I'm unable to find the reference, but a town in Brazil instituted a ladies night some years ago. They wanted the ladies in this macho town to be able to go out without harassment or concern. On this one evening each month, no men are allowed out after dark. What they had not anticipated is a drop in violent crime of about 95%. Again, to logically follow from this, it makes sense to have a curfew for all men, every night.
Finally, 21st century laws like the Patriot Act and new executive orders are seeking to make ours a safer world by monitoring your mail, reading, phone calls, and Internet activity without a warrant and by allowing detention without cause for an indefinite period. This, too, is making America safer.

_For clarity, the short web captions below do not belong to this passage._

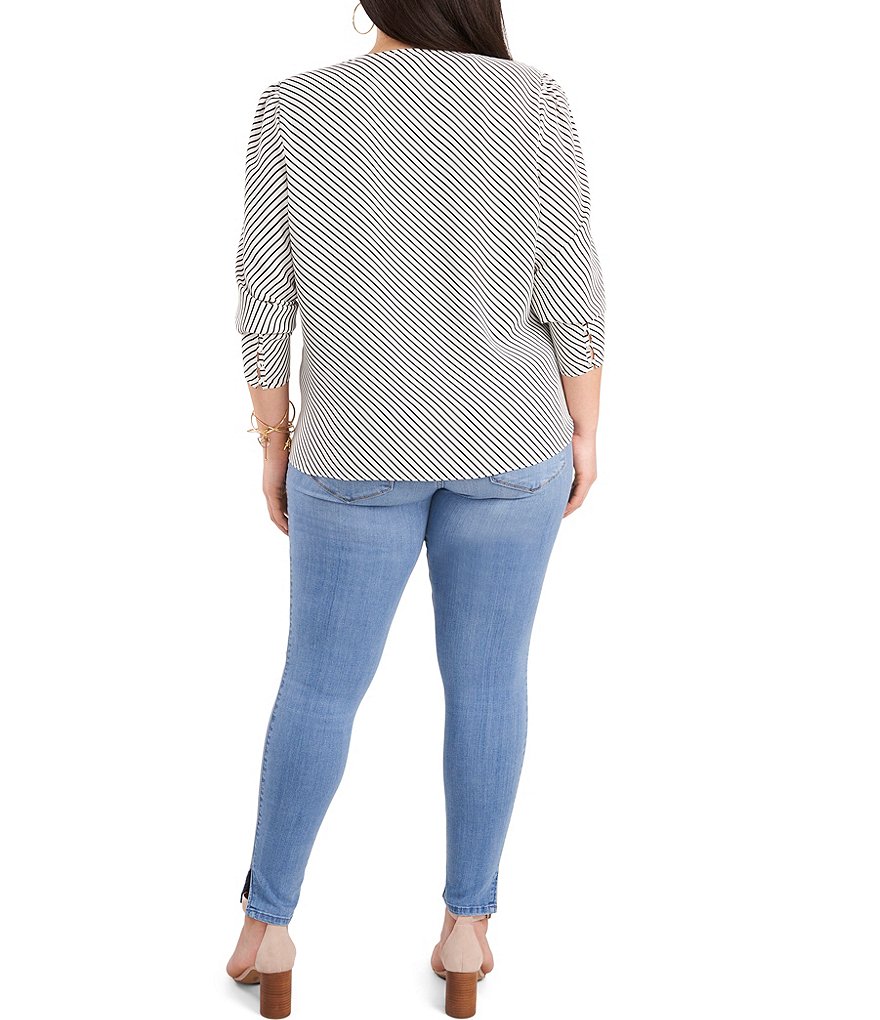 Vince Camuto Plus Size V-Neck 3/4 Sleeve Puff Shoulder Diagonal Stripe Top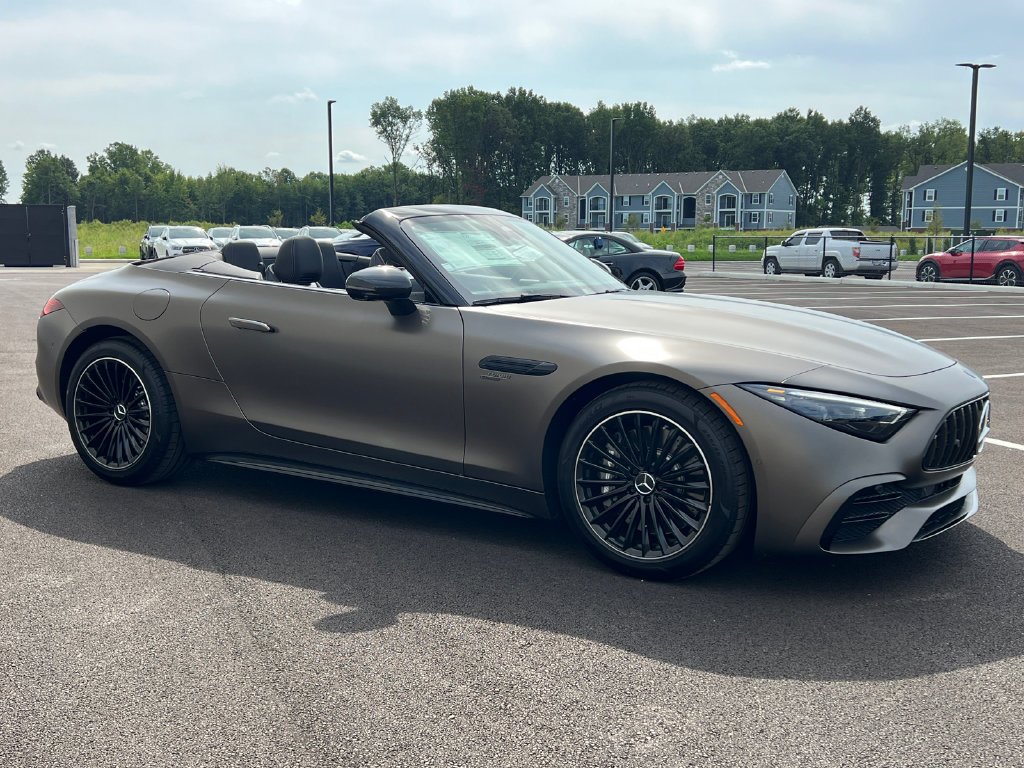 New 2027 Monza Grey Magno Mercedes-Benz AMG® SL 43 Roadster image 34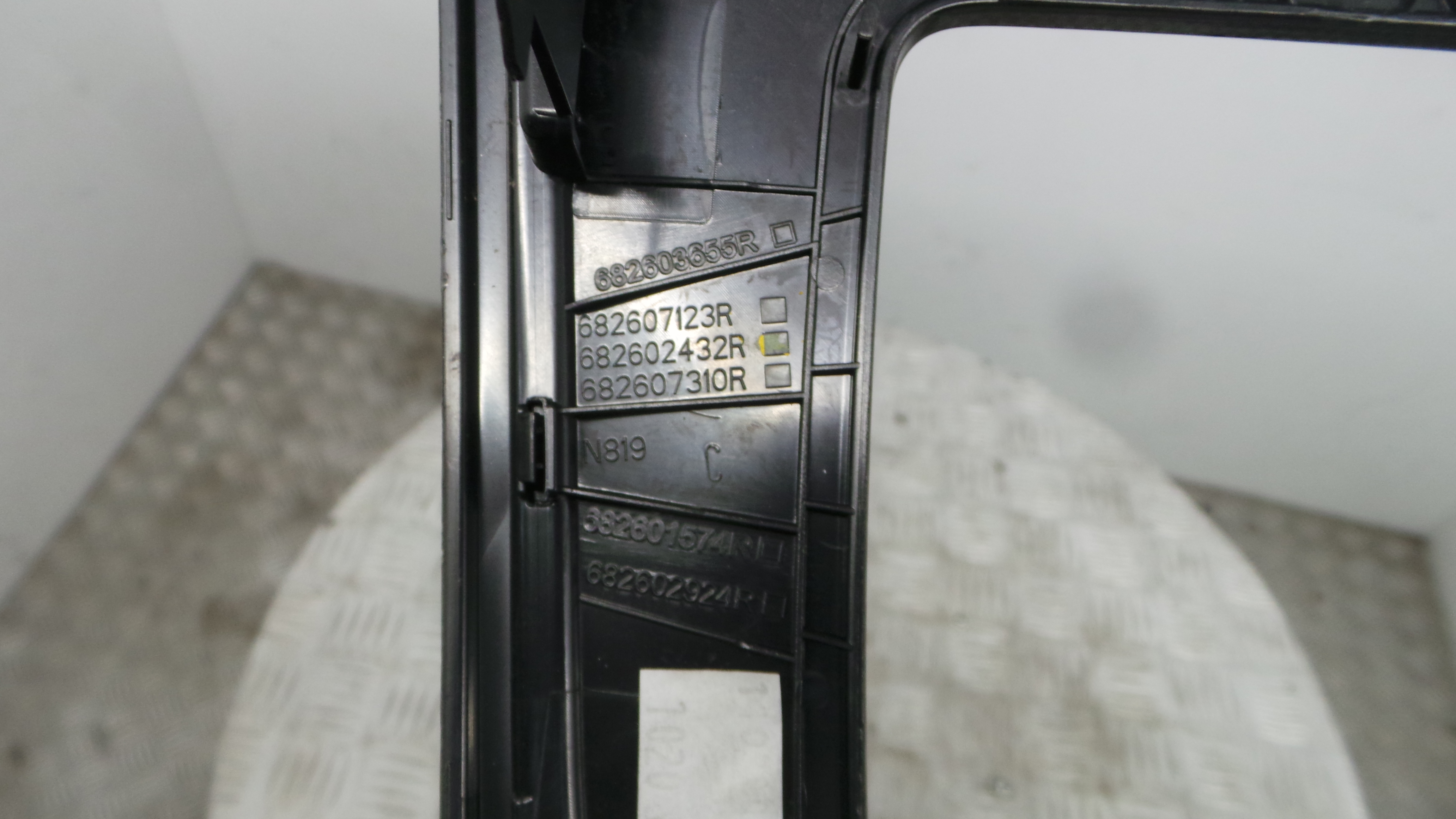 Aro Consola Central 682602432R - DACIA SANDERO II-36928925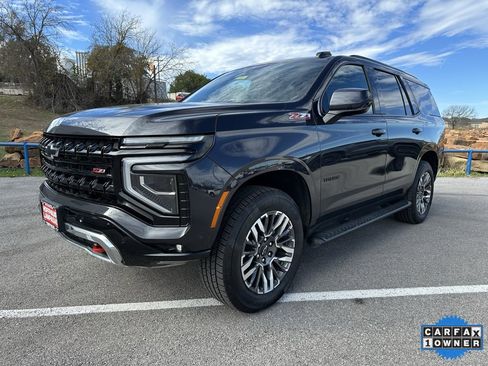 Used 2025 Chevrolet Tahoe Z71 image 1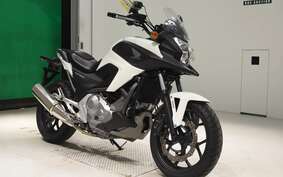 HONDA NC 700 X LD A 2014 RC63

"There is no doubt that if we lived in a police state, it would be easier to catch terrorists. If we lived in a country where the police were allowed to search your home at any time for any reason; if we lived in a country where the government is entitled to open your mail, eavesdrop on your phone conversations, or intercept your e-mail communications; if we lived in a country where people could be held in jail indefinitely based on what they write or think, or based on mere suspicion that they are up to no good, the government would probably discover and arrest more terrorists or would-be terrorists, just as it would find more lawbreakers generally. But that wouldn't be a country in which we would want to live, and it wouldn't be a country for which we could, in good conscience, ask our young people to fight and die. In short, that country wouldn't be America.
- Senator Russ Feingold, October 11, 2001, in a debate over the Patriot Act. Senator Feingold was the only senator to vote against it.
These are just the first steps towards making this a safer world: stop young adults from driving, keep men in their own homes after dark, monitor all thinking, and lock up and / or deport anyone we think is suspicious.